Hello everyone! This is my first thread here on this lovely Forum.

i’ve fallen in love with a model from Japan, but i live in Denmark.
This might be a very stupid question, but does anyone know import charges/ taxes from Japan to Denmark?
Thanks in advance


----------



## Milton Fox Racing (May 27, 2014)

Hey @AmericanGator ! Welcome to the boards! I dont know them exactly but you can probably go to your postal service or a delivery service web site and input your home address and a location from Japan to calculate them for you.


----------



## AmericanGator (Mar 22, 2021)

Milton Fox Racing said:


> Hey @AmericanGator ! Welcome to the boards! I dont know them exactly but you can probably go to your postal service or a delivery service web site and input your home address and a location from Japan to calculate them for you.


Thank you so much!
Thats a good idea, definitely something i Will try


----------



## Milton Fox Racing (May 27, 2014)

Do you already have some of those Japanese models?

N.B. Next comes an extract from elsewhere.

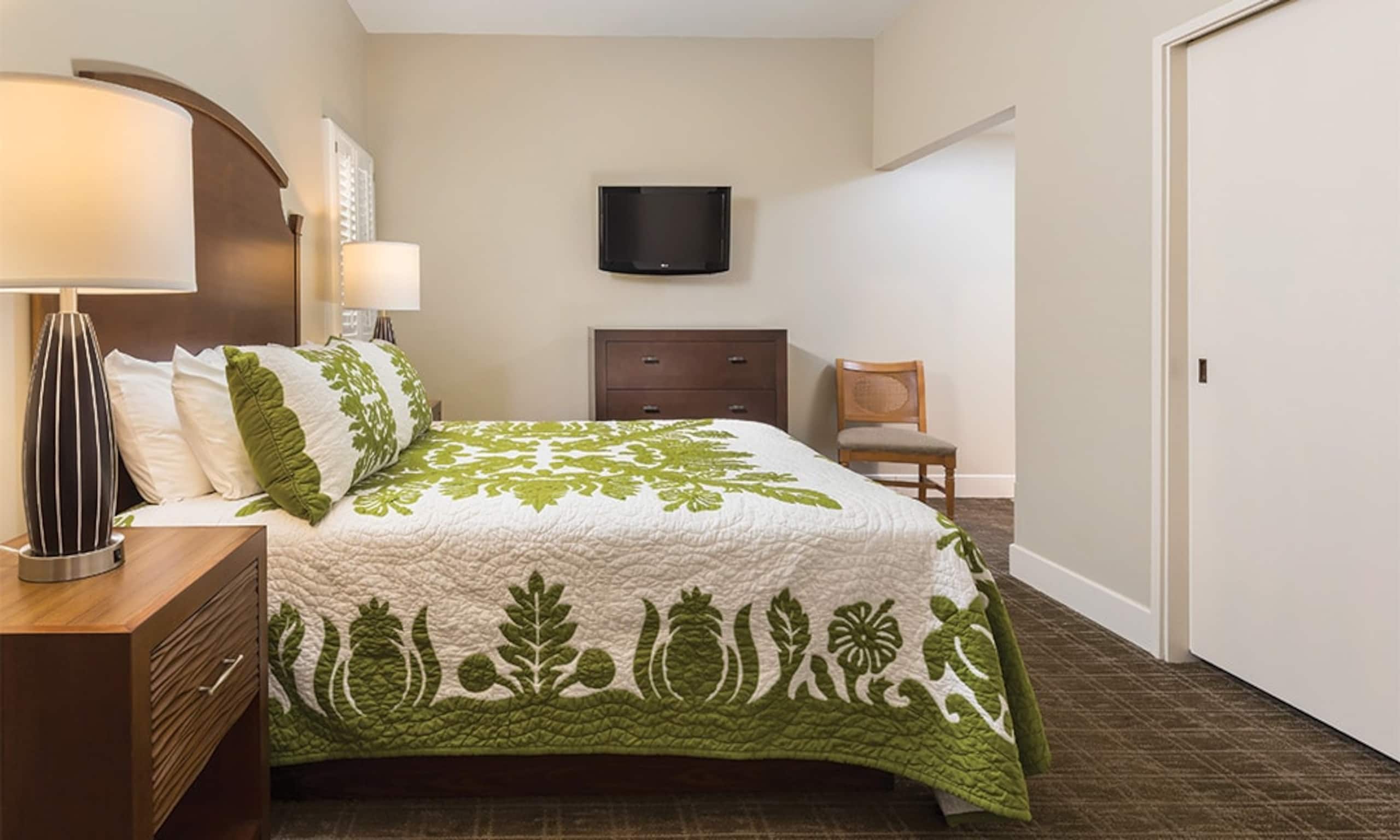 Condo in Kailua-Kona · ★4.89 · 2 bedrooms · 3 beds · 2 private baths - Image 34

If you do we would love to see them and hear about them.


----------



## Alien (Sep 5, 2001)

Just saw this thread..
Try Hobbylink Japan HLJ.com - The Worlds Largest Online Hobby, Toy and Figure Shop. They are Japan based and ship pretty much anywhere in the world for pretty resonable prices. Being located in Japan they usually have most of the Japanese kits on their site.


----------